Australian rugby league player (1934-2020)

Don Patrick "Bandy" Adams (15 February 1934 – 4 March 2020) was an Australian rugby league player.

Born in Maitland, Adams was a stocky winger known for his career as a player/coach across the Hunter Valley during the 1950s, 1960s and 1970s. He went by the nickname "Bandy" and made 191 appearances for his hometown side the Maitland Pickers. After making his first-grade debut for Maitland in a grand final at the age of 17, Adams began his representative career in 1955 with appearances for both New South Wales and NSW Country.

Adams was a member of the Australia team for all three of their 1956 home Test matches against New Zealand, scoring two tries on debut, including a last-minute match-winner.
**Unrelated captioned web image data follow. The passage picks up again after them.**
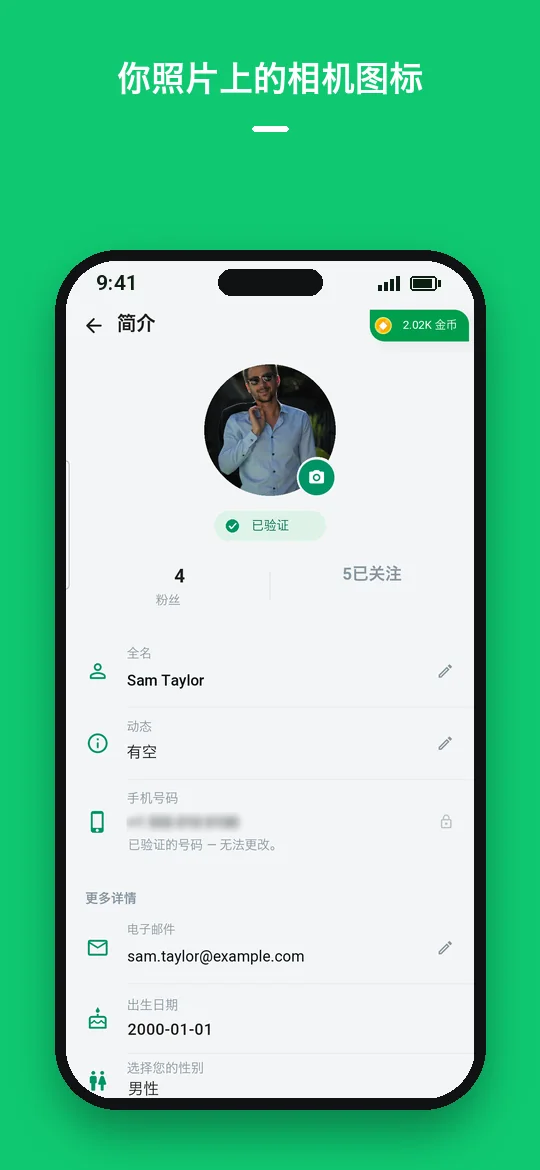 你照片上的相机图标 — Haydai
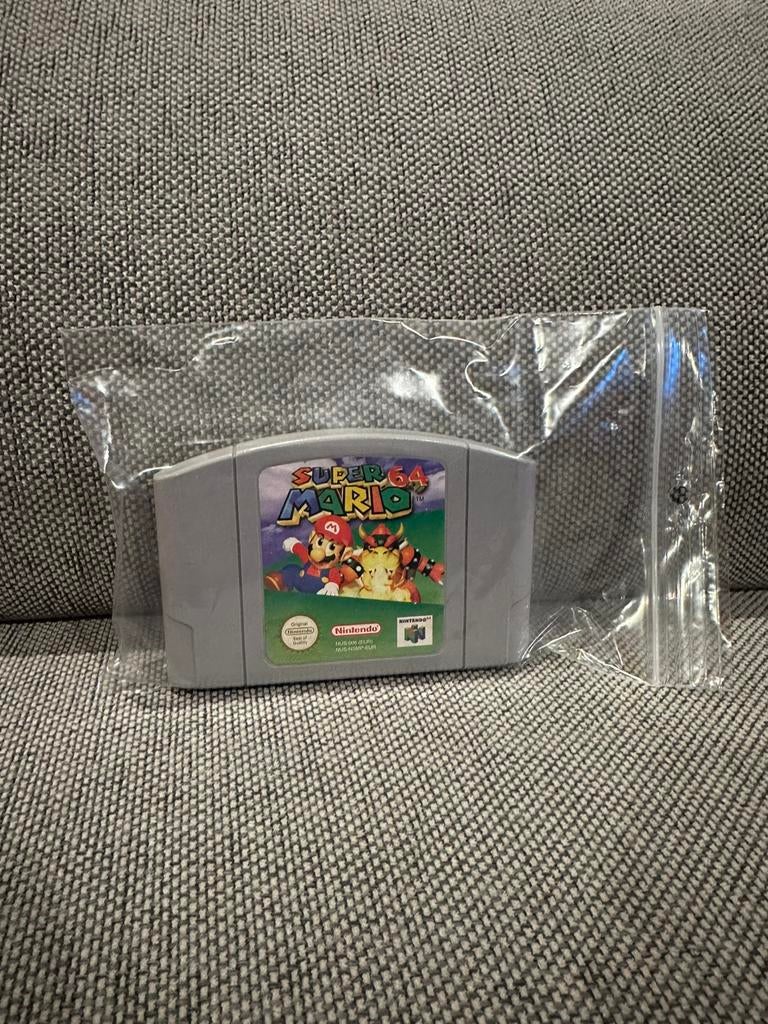 Jeu Nintendo 64, Super Mario 64, Enlèvement ou Envoi, Comme neuf, Aventure et Action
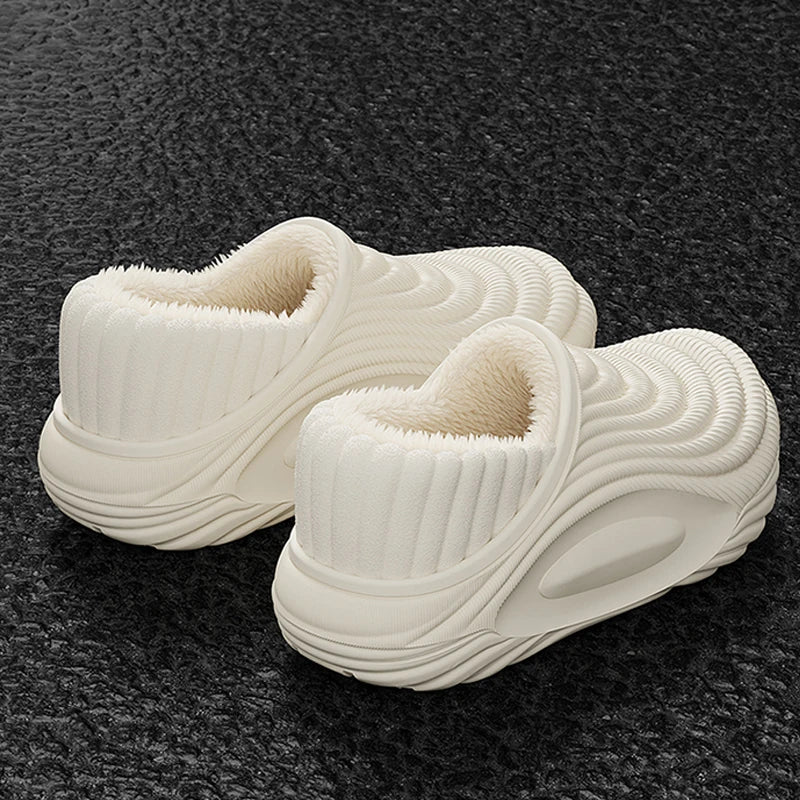 Warm Plush Waterproof EVA Indoor Slippers For Women Winter Soft Thick Bottom Non Slip Home Slippers — product image 4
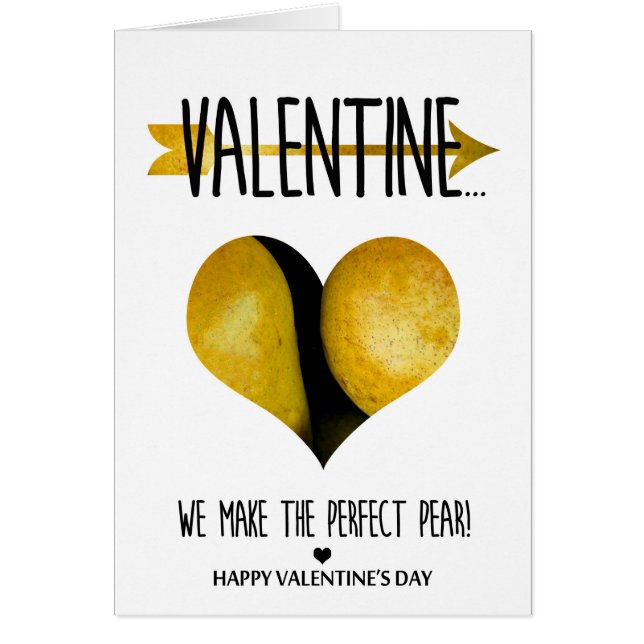 Hacemos la pera perfecta para el Día de San Valent (Frente)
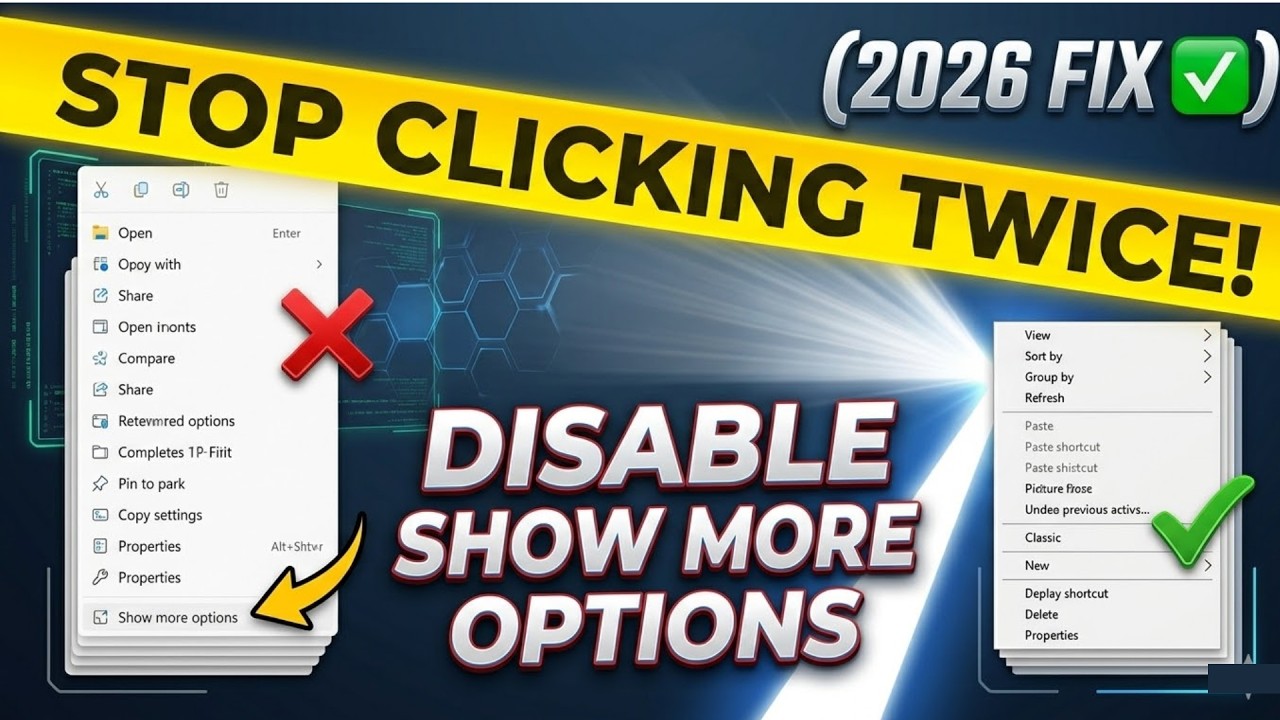 Stop Click (2026 FIX ) STOP Clicking Twice! Disable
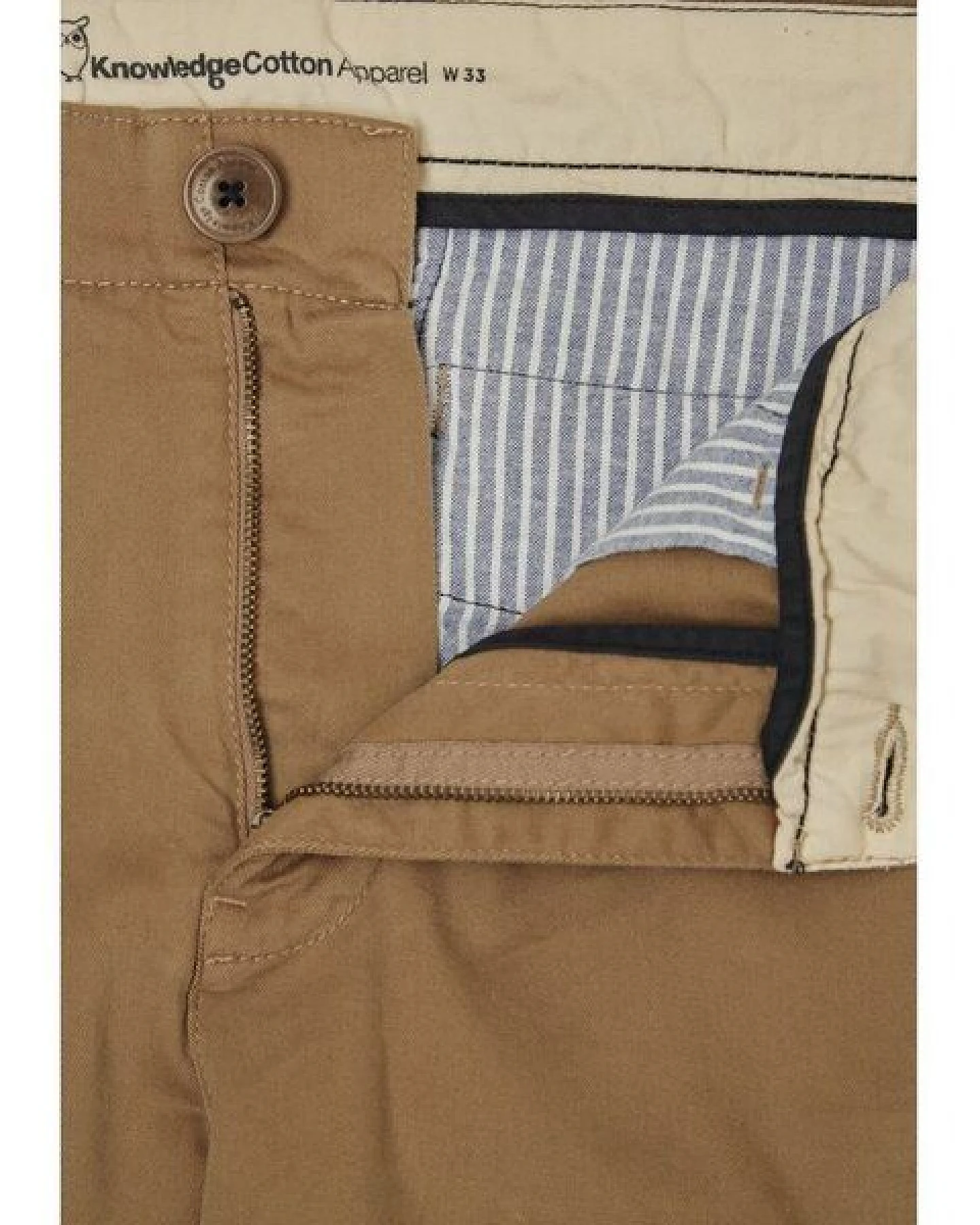 KnowledgeCotton Apparel JOE Stretch Chino Shorts – Ansicht 3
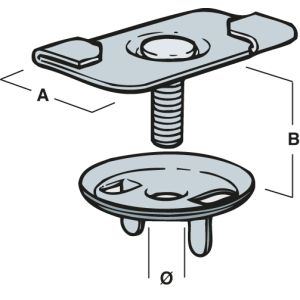 Suspended Ceiling (T-bar Clips) 20 x 16mm (Qty 25) - Silver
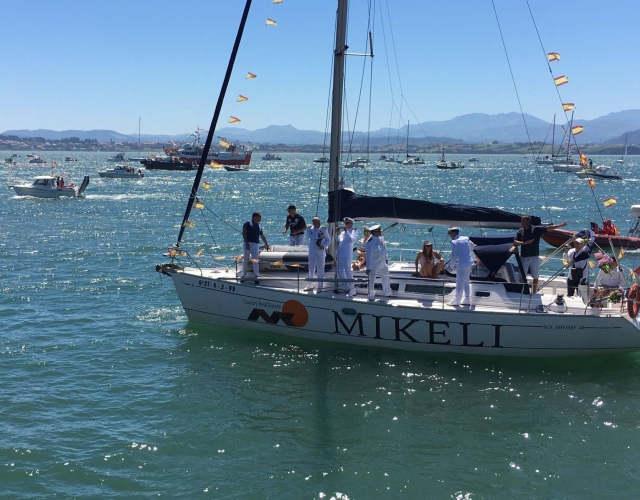 Día de navegación en la Costa de Santander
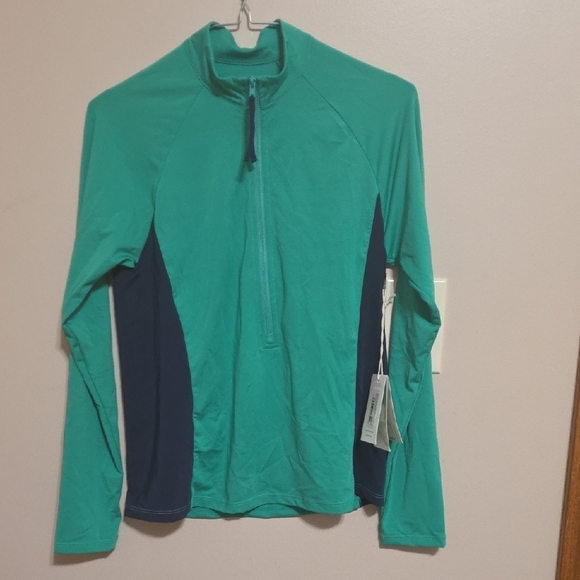 Carve Designs Tops - Carve Designs Green and Blue Women's Top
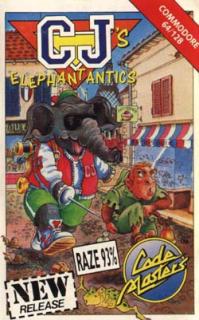 ElephantAntics - C64 Cover & Box Art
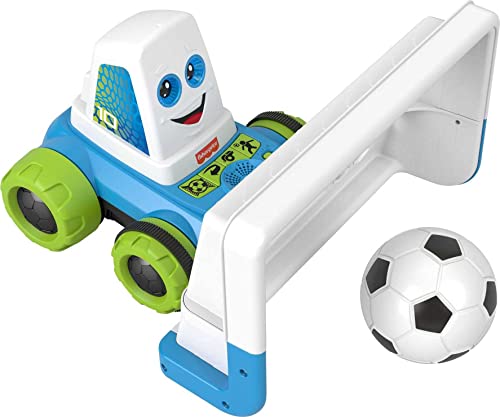 Fisher-Price Goaldozer Soccer Toy with Lights & Sounds, Ages 3+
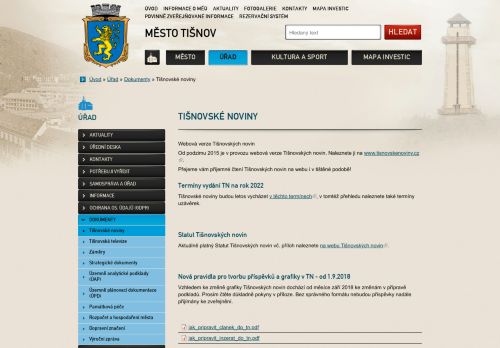 Zobrazit webové stránky Tišnovské noviny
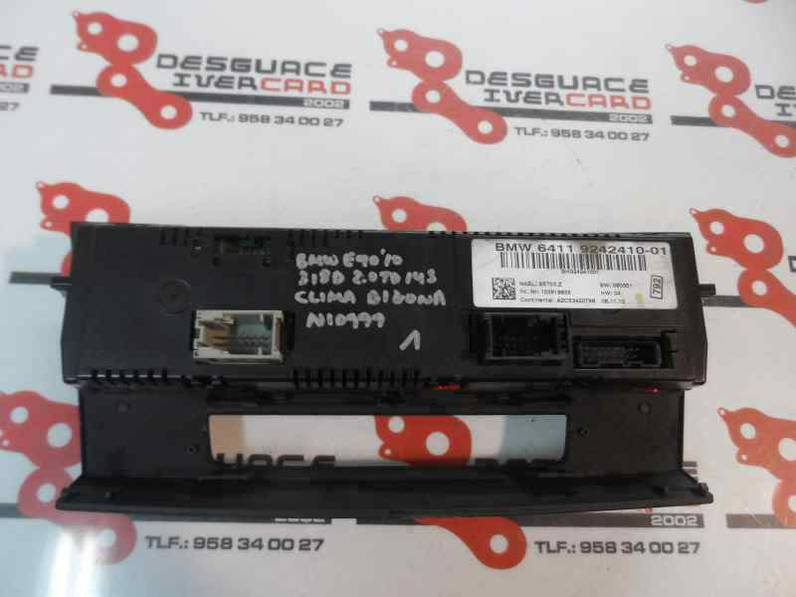 MANDO CLIMATIZADOR BMW SERIE 3 BERLINA 2010 2.0 TURBODIESEL (143 CV)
He followed this up with a hat-rick in the 3rd Test in Sydney. These performances helped him gain a place on the 1956–57 tour of Great Britain and France, where he featured in a further two Test matches and accumulated 11 tries from 15 tour fixtures.

As a coach, Adams had stints in charge of Gloucester, Scone, Muswellbrook and the Northern Division representative side, which included future international second-rower Noel Cleal.

Adams was the father of Manly and Balmain halfback David and grandfather of NRL hooker Adam Clydsdale. His brother's grandson is Brisbane Broncos halfback Jock Madden.